- Created by: Sky News
- Presented by: Mon-Thu: Charlotte Hawkins Fri: Gillian Joseph

Production
- Running time: 1 hour

Original release
- Network: Sky News
- Release: 8 September 2008 – 2011

Related
- Sunrise; Sky Today; Sky Today; Afternoon Live;

= The Live Desk (British TV programme) =

Former television news programme, broadcast on Sky News

The Live Desk is a news programme which broadcast on Sky News in the United Kingdom from 8 September 2008 to 2011. Originally, The Live Desk aired twice at 9 am and 1 pm but from 11 January 2011 the Live Desk's 1 pm edition was cancelled and subsequently only one edition was broadcast at 9 a.m., presented by Charlotte Hawkins with Gillian Joseph on Friday. The programme was replaced with a standard Sky News bulletin fronted by the same newscasters later in 2011.

==Format==
The programme was a 60-minute round-up of the day's news, sport, and business, rather than discussions, interviews, or features. It was loosely based on the Fox News Channel show The Live Desk.
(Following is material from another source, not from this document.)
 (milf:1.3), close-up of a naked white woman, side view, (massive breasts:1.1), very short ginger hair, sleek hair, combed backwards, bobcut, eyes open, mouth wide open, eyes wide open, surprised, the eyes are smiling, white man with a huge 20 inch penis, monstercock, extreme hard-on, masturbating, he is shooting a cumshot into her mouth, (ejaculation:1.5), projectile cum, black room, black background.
The programme was characterized by the opening line "The Live Desk opens now".

==Presenters==
Originally at the show's launch it aired once a day, between 1 pm and 2 pm with Colin Brazier presenting, but on 2 February 2009, The Live Desk added a morning edition, running between 9 am and 10 am. From 11 January 2011, the Live Desk's original 1pm edition was axed in favour of a new political show with Adam Boulton and Sarah Hughes; the 9 a.m. edition remained until later 2011, presented by Charlotte Hawkins, Monday-Thursday, with Gillian Joseph on Fridays. When individual programme titles (such as Afternoon Live and Sky News Today) were dropped by Sky News in 2011, The Live desk was replaced with a standard 60-minute news bulletin.

===Replacement presenters===
When the regular presenters were unavailable the show was hosted by Samantha Simmonds, Sarah Hughes, Stephen Dixon.